By Sana Elouazi
By Sana Elouazi
Rabat – Abdelkarim Benatiq, the Minister Delegate in charge of Moroccans Living Abroad (MRE) and ImmigrationaAffairs, received on Tuesday, November 28 the families of Moroccan migrants detained in Libya who protested outside the ministry headquarters.
After they protested on Monday morning in front of the Ministry of Foreign Affairs and International Affairs, they moved to the ministry of Benatiq, calling on the authorities to help their detained relatives return home as soon as possible.
The families, who came from several Moroccan cities, lambasted the “slowness” of authorities, demanding the release of their loved ones.
After receiving the demonstrators, Benatiq reassured the families that the ministry is making all possible efforts, in coordination with other governmental departments, to carry out this operation and ensure the repatriation of these Moroccans to their country.
The committee in charge of Moroccans repatriation is composed of a delegation from the Ministry of the Interior, the Ministry of Foreign Affairs and International Cooperation, the Ministry of Moroccans Living Abroad as well as from the Directorate General of Studies and Documentation (DGED).
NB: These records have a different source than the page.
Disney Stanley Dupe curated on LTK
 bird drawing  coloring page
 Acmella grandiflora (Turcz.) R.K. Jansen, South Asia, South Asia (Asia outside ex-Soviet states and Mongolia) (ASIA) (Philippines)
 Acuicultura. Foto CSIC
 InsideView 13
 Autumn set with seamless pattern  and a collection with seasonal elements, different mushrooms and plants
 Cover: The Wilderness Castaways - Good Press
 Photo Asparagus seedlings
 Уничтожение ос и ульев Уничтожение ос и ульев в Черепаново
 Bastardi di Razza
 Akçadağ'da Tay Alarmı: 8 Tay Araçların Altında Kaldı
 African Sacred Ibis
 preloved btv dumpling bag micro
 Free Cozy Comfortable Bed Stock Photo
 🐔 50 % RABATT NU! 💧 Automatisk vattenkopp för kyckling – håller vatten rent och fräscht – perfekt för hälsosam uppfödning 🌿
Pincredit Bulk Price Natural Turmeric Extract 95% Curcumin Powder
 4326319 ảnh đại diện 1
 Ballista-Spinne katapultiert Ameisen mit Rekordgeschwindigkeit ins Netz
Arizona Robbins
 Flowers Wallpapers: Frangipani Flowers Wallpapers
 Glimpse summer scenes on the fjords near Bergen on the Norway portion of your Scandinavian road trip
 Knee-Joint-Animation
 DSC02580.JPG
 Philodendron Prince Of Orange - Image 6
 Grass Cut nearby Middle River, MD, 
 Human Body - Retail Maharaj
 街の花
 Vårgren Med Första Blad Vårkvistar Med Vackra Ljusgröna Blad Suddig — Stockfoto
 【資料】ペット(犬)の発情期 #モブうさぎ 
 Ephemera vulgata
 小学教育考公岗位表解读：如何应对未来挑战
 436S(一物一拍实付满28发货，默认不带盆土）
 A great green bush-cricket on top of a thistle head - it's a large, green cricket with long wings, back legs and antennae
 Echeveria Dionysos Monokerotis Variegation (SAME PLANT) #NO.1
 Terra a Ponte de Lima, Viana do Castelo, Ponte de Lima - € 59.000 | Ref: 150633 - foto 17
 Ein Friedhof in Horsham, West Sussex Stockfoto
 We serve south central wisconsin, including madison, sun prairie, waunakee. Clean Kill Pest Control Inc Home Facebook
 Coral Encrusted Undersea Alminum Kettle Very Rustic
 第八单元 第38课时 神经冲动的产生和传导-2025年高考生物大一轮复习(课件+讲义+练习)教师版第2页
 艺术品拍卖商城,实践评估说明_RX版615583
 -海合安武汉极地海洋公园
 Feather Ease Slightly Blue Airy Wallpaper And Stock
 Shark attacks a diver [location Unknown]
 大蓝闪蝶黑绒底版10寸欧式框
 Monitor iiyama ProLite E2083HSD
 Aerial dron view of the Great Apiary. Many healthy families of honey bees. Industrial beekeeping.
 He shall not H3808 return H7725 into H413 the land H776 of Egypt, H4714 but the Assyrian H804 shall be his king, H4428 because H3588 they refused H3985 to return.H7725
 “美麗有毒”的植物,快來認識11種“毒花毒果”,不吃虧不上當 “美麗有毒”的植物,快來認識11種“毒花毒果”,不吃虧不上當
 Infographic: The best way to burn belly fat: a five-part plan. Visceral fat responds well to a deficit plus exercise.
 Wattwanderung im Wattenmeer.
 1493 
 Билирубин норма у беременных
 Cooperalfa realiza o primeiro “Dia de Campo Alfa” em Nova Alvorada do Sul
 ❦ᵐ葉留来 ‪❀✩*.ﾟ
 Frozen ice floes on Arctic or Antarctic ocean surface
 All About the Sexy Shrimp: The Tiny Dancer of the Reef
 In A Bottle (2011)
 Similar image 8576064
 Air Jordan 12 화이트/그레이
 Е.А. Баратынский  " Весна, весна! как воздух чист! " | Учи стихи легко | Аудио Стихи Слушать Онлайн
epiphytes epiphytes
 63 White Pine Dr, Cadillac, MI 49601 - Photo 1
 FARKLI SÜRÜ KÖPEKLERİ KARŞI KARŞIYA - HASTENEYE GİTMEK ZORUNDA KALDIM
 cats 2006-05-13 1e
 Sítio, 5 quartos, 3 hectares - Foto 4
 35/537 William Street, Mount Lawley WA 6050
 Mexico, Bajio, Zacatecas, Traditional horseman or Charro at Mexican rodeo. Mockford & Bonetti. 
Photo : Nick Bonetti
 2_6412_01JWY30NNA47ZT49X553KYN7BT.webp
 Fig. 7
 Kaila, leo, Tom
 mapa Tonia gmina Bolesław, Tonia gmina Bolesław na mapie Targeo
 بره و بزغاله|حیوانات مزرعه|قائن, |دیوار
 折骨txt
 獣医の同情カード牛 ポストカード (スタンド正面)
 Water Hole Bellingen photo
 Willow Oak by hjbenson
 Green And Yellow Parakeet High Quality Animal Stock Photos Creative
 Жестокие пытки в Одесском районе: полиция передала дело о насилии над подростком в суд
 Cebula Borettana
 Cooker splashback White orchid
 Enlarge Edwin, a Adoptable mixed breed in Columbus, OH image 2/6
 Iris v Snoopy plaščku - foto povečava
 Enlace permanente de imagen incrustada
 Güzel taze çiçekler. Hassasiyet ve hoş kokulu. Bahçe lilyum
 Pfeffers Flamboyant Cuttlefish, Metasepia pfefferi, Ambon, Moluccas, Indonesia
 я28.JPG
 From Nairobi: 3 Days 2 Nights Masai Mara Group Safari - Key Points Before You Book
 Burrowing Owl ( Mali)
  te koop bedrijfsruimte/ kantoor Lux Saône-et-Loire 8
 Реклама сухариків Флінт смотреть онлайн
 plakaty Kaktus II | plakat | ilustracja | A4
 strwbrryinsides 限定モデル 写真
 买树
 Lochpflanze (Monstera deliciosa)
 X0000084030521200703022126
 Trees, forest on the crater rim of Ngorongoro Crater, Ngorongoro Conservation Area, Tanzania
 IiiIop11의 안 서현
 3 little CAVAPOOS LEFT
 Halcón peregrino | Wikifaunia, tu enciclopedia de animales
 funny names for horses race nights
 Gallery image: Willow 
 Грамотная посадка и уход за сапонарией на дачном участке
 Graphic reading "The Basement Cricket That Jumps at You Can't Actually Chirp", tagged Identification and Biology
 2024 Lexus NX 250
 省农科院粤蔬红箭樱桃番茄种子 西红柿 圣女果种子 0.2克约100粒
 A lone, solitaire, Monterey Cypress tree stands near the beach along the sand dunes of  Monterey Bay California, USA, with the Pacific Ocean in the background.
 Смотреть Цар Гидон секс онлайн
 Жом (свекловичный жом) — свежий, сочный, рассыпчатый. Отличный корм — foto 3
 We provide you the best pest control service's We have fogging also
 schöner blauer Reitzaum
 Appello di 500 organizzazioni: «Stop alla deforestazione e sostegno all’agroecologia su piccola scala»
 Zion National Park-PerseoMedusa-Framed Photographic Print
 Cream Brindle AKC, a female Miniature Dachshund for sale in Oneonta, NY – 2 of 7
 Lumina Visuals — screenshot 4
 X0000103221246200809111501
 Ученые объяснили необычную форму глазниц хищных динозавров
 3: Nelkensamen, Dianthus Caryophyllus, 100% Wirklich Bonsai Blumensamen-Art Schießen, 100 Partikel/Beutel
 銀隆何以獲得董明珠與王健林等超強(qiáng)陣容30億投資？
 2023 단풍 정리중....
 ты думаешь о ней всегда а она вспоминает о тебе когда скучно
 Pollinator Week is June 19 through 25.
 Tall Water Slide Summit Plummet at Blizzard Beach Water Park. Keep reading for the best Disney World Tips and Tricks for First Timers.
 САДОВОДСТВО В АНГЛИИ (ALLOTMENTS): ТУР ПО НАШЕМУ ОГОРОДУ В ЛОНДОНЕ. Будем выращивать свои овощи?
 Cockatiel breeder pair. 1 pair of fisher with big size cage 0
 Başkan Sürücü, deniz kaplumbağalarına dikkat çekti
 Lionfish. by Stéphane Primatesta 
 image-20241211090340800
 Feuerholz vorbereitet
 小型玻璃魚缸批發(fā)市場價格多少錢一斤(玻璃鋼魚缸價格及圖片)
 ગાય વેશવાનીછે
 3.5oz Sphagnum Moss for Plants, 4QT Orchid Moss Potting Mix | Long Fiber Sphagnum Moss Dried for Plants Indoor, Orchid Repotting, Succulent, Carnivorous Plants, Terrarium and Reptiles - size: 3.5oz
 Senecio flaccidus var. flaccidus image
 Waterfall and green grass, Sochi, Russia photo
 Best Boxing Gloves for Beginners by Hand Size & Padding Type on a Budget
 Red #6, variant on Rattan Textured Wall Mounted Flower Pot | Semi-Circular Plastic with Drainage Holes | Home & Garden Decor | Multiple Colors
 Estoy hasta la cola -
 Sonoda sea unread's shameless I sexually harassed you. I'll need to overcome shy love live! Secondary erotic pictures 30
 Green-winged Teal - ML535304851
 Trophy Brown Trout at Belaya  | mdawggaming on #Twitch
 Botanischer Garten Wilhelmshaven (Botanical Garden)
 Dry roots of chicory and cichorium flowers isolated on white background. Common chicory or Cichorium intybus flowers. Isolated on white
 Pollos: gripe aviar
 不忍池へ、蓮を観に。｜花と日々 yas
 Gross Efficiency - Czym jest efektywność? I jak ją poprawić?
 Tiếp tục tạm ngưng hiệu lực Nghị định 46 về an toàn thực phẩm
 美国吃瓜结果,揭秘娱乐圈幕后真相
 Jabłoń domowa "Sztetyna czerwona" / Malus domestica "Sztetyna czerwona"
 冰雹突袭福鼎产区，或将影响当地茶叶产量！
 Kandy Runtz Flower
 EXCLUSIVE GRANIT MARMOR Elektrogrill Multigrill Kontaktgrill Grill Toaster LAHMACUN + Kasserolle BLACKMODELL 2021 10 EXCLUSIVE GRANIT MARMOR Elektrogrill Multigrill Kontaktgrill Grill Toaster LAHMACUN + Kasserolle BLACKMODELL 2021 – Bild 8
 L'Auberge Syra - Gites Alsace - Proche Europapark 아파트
A government source told Morocco World News that authorities started their repatriation procedures before the widespread of videos on social media, in which Moroccan migrants called for help to put an end to their detention and mistreatment in Libya. However, the delay in repatriating the migrants stemmed from security concerns.
“Technical and logistical problems hinder the identification of Moroccans detained in Libya. Moroccan authorities also fear infiltration of jihadists and radicals on Moroccan territory,” the government source said.
The large group of Moroccans are currently stranded in Libya after their attempts to cross the Mediterranean to Europe failed. They found themselves the subject of human trafficking by smugglers before being detained by Libyan forces in Tripoli and the center of Zouara near the Tunisian border.